While technology enables humans to simulate the past, animals represent time through their real, physical existence. The painting contrasts simulated experience with lived history, questioning what is preserved through technology and what is lost through extinction.
plastic horizon
2024
Acrylic on canvas, 20 x 16 in.
A child crouches along a familiar coastline, calmly handling discarded plastic bottles. The stillness contrasts with the surrounding waste, suggesting that pollution has become woven into everyday coastal life rather than standing out as an exception.
Instead of highlighting a dramatic incident, Plastic Horizon draws attention to normalization, how environmental damage quietly enters ordinary spaces and shapes the world inherited by the next generation.
CONSTRUCTING MYSELF
2025
Mixed media sculpture, 18 x 12 x 20 in.
This sculpture examines identity as something gradually formed through accumulation, change, and erosion. The figure is built from everyday and organic materials that show signs of wear and fragility, emphasizing how the self is shaped over time rather than created all at once.
Elements of growth and decay coexist in the piece, reflecting how memory, environment, and experience continuously alter identity. The work suggests that formation and loss are inseparable parts of becoming.
silent drapery
2025
Charcoal on paper, 24 x 18 in.
This drawing examines the natural folds and weight of organic forms arranged in stillness. Through close observation, the work focuses on how light, shadow, and texture create structure and movement within a static composition.
In their stillness, the layered forms resemble drapery, holding shape and meaning through silence and weight.
two more minutes
2025
Charcoal on paper, 30 x 24 in.
It is jammed. This drawing captures a moment of physical closeness and shared fatigue inside a crowded train. The compressed figures and confined space emphasize the quiet tension of waiting, when time feels slowed and personal boundaries dissolve.

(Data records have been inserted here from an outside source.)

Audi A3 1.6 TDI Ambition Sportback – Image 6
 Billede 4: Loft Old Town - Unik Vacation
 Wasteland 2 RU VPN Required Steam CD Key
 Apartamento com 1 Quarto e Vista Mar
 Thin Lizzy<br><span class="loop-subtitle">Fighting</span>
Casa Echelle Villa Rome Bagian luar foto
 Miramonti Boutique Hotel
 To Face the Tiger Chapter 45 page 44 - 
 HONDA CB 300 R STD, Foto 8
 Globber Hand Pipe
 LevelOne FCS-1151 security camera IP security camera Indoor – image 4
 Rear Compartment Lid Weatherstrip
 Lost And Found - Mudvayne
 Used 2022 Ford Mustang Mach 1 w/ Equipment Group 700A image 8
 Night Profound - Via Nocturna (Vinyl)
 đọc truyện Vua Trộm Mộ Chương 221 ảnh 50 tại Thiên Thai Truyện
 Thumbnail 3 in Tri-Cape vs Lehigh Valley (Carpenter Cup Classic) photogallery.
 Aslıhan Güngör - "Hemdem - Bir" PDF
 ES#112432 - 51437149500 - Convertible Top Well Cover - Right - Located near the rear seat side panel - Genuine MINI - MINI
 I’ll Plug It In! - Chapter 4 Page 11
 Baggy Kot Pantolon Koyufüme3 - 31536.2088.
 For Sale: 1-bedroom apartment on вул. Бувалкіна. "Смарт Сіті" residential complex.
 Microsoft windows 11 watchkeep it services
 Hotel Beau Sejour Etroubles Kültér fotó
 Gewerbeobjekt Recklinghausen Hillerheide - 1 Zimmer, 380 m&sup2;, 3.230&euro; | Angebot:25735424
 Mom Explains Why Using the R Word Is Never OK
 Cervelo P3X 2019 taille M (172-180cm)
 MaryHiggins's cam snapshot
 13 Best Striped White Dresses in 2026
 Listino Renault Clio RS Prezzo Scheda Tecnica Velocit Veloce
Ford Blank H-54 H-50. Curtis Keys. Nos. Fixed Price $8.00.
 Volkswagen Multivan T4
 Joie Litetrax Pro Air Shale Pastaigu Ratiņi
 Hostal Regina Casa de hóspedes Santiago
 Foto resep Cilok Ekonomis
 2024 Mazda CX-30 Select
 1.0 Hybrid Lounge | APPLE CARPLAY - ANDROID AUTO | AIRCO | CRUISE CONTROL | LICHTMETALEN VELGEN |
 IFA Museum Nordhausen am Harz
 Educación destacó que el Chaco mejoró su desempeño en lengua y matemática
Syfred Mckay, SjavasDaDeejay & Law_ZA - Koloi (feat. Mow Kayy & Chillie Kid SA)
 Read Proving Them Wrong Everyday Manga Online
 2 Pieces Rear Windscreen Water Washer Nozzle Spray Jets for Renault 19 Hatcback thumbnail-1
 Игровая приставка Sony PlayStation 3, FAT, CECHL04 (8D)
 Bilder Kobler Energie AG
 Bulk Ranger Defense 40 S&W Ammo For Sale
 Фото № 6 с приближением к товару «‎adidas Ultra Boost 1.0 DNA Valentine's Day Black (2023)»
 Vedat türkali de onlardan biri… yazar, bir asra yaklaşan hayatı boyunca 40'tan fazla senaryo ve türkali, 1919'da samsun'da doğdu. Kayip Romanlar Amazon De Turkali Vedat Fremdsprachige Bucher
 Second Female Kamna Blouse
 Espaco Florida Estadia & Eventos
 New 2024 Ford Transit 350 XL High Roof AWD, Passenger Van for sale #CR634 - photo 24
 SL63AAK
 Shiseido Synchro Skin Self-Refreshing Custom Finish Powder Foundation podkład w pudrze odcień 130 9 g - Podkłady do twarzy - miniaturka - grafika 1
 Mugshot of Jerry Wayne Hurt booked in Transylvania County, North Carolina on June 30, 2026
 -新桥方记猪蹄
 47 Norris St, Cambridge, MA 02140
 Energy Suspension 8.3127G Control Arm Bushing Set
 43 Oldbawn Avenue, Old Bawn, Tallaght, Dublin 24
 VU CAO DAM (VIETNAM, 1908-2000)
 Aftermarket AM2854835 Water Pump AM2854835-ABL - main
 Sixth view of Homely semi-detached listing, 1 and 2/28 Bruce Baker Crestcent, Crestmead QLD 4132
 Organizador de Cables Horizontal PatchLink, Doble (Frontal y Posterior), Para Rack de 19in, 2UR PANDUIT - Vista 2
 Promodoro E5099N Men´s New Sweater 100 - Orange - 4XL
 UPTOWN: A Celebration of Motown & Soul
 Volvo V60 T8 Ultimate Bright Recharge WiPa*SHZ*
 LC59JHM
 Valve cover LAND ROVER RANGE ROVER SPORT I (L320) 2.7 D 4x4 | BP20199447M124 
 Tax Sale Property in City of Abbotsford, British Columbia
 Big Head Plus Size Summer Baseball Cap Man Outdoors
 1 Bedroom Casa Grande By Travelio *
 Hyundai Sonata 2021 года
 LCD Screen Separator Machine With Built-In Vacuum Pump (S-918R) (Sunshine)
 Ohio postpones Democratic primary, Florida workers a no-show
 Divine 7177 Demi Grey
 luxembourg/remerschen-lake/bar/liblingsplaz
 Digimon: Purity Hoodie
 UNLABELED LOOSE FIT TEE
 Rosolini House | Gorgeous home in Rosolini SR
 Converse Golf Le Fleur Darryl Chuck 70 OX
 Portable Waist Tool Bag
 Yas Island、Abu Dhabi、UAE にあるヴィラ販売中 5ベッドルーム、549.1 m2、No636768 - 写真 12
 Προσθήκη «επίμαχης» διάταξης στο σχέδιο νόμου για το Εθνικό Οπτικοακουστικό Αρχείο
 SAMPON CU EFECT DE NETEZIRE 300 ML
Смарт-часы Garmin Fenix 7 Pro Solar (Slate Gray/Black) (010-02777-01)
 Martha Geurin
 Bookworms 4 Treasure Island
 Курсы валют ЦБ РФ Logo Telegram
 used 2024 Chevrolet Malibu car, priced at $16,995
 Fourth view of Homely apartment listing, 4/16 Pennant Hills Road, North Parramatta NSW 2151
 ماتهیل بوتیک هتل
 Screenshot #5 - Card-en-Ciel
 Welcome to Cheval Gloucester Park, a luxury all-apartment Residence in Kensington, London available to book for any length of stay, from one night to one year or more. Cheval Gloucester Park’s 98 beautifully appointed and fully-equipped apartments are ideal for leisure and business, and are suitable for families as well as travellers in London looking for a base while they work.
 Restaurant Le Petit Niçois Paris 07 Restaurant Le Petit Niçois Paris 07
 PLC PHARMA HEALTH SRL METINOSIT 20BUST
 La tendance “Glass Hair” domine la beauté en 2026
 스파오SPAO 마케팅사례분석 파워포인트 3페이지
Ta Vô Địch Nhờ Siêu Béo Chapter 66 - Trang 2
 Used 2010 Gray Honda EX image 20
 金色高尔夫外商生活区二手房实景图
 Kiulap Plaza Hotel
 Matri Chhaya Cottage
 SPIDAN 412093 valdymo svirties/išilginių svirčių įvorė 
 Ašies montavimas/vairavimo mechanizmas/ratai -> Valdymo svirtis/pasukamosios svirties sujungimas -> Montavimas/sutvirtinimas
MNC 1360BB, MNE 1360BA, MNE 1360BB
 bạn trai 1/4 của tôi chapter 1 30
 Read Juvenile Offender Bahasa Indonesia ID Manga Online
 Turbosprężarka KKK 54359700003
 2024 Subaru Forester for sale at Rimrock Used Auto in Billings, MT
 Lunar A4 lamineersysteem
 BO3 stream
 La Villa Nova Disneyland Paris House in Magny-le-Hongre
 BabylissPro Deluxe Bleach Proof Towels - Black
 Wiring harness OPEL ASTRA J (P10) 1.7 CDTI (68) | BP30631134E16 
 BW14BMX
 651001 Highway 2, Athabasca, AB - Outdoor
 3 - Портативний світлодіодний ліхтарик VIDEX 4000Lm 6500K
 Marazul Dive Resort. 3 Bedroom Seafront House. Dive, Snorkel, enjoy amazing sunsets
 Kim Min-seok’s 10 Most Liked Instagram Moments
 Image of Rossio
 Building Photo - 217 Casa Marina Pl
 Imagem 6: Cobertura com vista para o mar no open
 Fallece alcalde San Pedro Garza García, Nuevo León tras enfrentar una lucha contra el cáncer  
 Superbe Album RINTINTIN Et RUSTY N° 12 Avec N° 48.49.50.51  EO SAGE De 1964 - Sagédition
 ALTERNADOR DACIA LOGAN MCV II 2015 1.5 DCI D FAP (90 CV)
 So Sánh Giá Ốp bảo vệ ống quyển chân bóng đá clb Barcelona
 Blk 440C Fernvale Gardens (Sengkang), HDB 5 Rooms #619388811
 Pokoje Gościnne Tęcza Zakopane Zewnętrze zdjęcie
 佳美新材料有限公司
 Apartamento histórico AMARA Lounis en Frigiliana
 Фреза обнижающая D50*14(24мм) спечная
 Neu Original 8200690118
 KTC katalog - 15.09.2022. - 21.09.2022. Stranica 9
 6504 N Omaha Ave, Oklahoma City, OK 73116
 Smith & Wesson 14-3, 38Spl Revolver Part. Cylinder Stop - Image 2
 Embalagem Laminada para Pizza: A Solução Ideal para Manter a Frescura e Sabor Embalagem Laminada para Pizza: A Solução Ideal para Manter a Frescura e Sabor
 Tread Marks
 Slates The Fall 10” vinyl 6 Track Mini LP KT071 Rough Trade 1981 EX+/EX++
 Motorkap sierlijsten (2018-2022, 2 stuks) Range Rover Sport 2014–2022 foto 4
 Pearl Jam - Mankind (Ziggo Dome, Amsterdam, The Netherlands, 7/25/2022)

The work reflects the collective stillness of everyday moments, where brief discomfort is endured through silence and routine.
a pause in transit
2025
Charcoal on paper, 30 x 24 in.
The subway becomes a place where social roles temporarily dissolve. In this moment, the figures are removed from the city’s rhythm and noise, existing in a brief pause within life’s larger structure.
Closed eyes and resting postures suggest fatigue and emotional weight shared by all.
early exposure
2025
Charcoal and psstel on paper, 24 x 24 in.
This drawing presents a baby holding a Coca-Cola bottle, replacing a familiar object of care with a commercial product. The contrast draws attention to how branding and consumption can enter life before awareness or choice is possible.
Rather than making a direct statement, the work invites reflection on how desire, identity, and influence are formed at an early stage, often without conscious consent.
out of reach
2025
Charcoal on paper, 24 x 18 in.
A baby reaches upward toward suspended game controllers, grasping just beyond reach. The exaggerated gesture and open expression emphasize instinctive desire rather than understanding.
By positioning objects of play and technology above the child, Out of Reach reflects how attraction and longing can precede comprehension, suggesting an early encounter with influence in a mediated environment.
a needle and tHread
2024
Acrylic on canvas, 12 x 12 in.
Growing up as a twin shaped a closeness defined by shared space, routines, and memories. Buttons and stitched elements connect the figures, referencing experiences formed side by side and the intimacy of being constantly paired.
Within that closeness, memory does not stay the same. Small differences in expression and posture reveal how shared moments are felt and remembered differently, allowing individual identities to take shape within a common past.